I am intrigued by what seems to be an implicit assumption in your post that Christians should be opposed to torture. As a non-Christian, I’m not sure from whence derive this assumption. As far as I can tell, there is absolutely a history of “just torture” within the Christian tradition. This article does a good job in cataloging the extraordinarily inventive ways religious figures came up with to encourage people to change their beliefs by inflicting excruciating pain:
http://goo.gl/Hpk5V
Of course torture has long been used by secular authorities as well.
It seems to me, then, that one should not be surprised if Christians in America today see torture as entirely compatible with their religious beliefs. It has been this way for centuries. In a sense, it is your view which is an aberration.
James,
Thank you for your response. As I said in my post, I derive my assumption that Christians should be opposed to torture because of my own reading of the Jesus of the Gospels.
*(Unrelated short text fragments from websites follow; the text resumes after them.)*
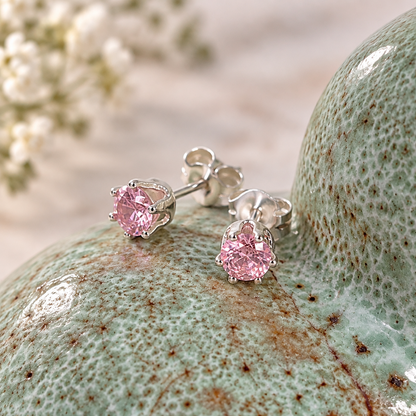 A pair of silver stud earrings with round pink gemstones, displayed on a textured light green ceramic surface.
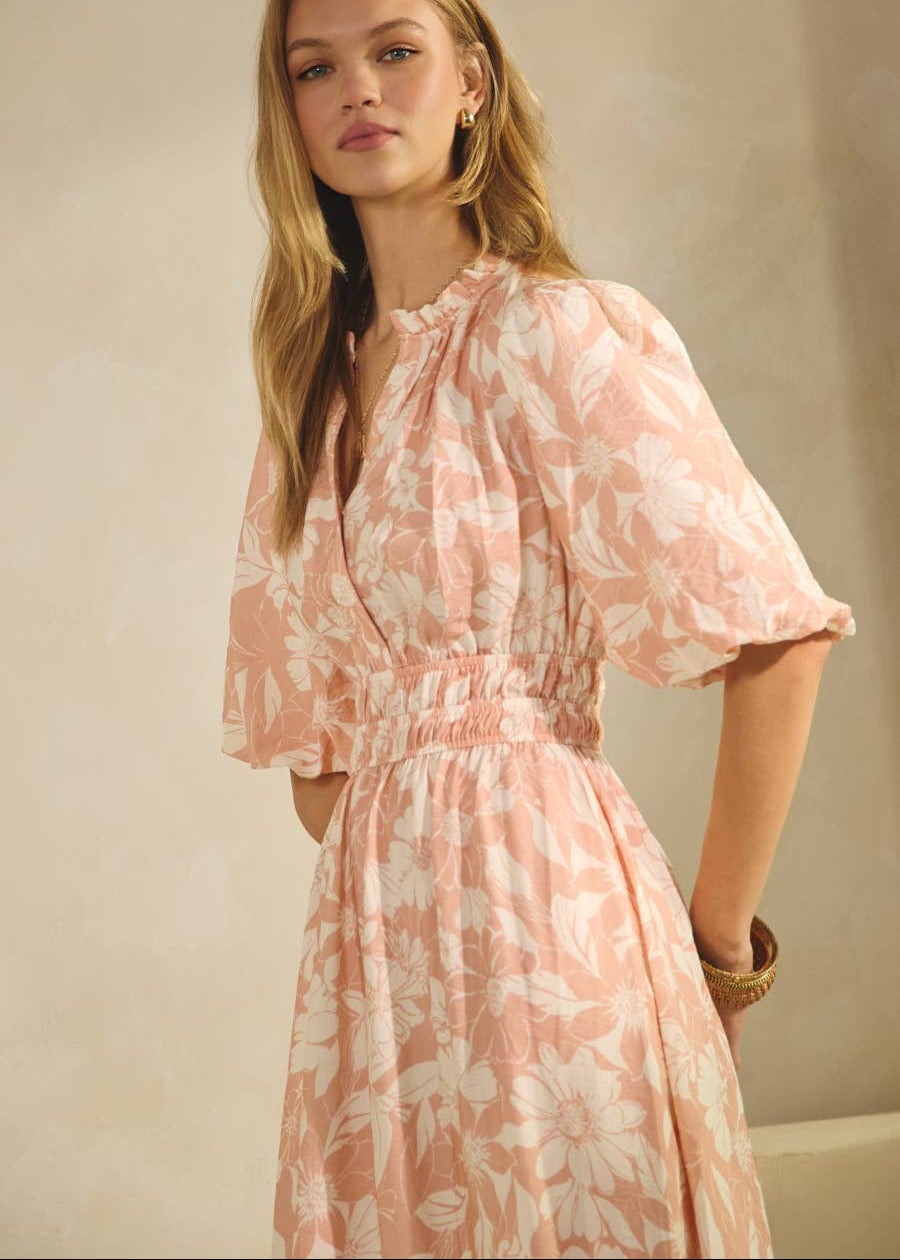 side view of women wearing bubble sleeve floral dress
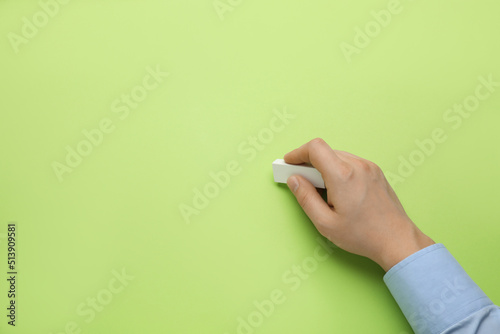 Man erasing something on green background, closeup. Space for text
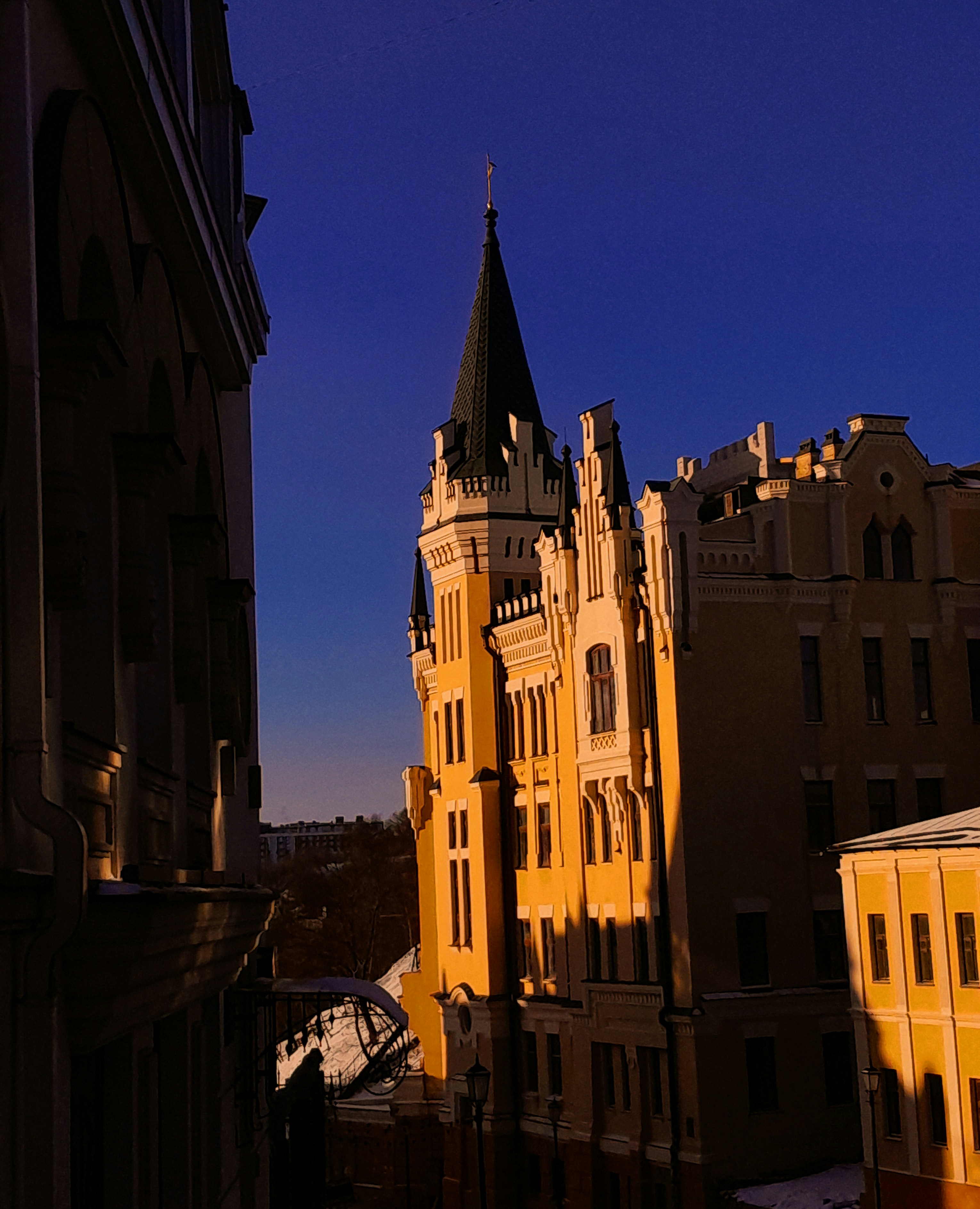 A tall building with a clock on the top of it photo – Free Sun Image on ...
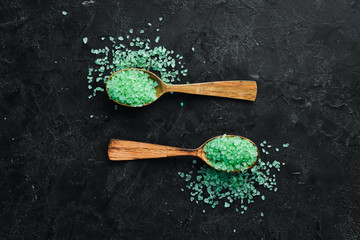 Green sea salt in a spoon. On a black stone background. Spa treatments.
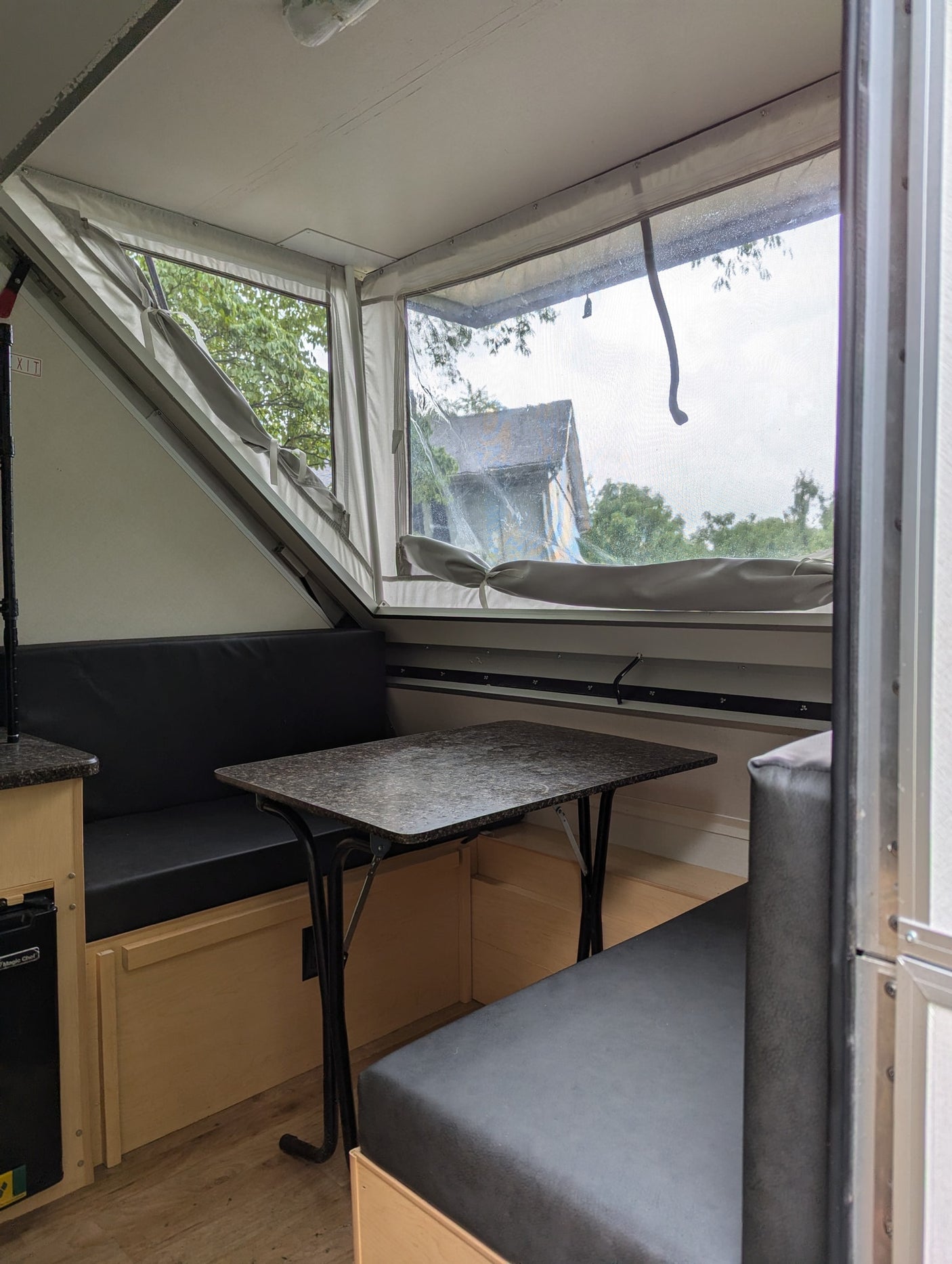 Inside an RV rental: a compact, light-filled dinette with black bench seating and a patterned table, looking out to trees.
I don’t think my view is an aberration, it’s just not the majority perspective (in American Christianity, at least). There is a long-standing peace tradition in Christianity and other religious traditions, for instance.
It’s true that there is a history of torture and violence in the Christian tradition (and other religious traditions as well), but there is simply not a “just torture” tradition like the “just war” tradition that is usually associated with Augustine of Hippo. What I was trying to elucidate is how there are moral compartmentalizations that happen between the lines of what Christians instigate (torture, war, violence) and for what they historically argue (just war, peace, unity).
I’m not really surprised that the majority of mainstream Christians think that torture and Christian ideals are commensurate (like I said, I grew up in a religious military family). But I think it is necessary to raise ethical questions about why this is, and maybe even to catalyze moral shifts. Regardless of how Christianity has been complicit in violence in the past (and in current contexts), I still think it’s necessary to organize intra-religiously and interreligiously with the purpose of education and collective action.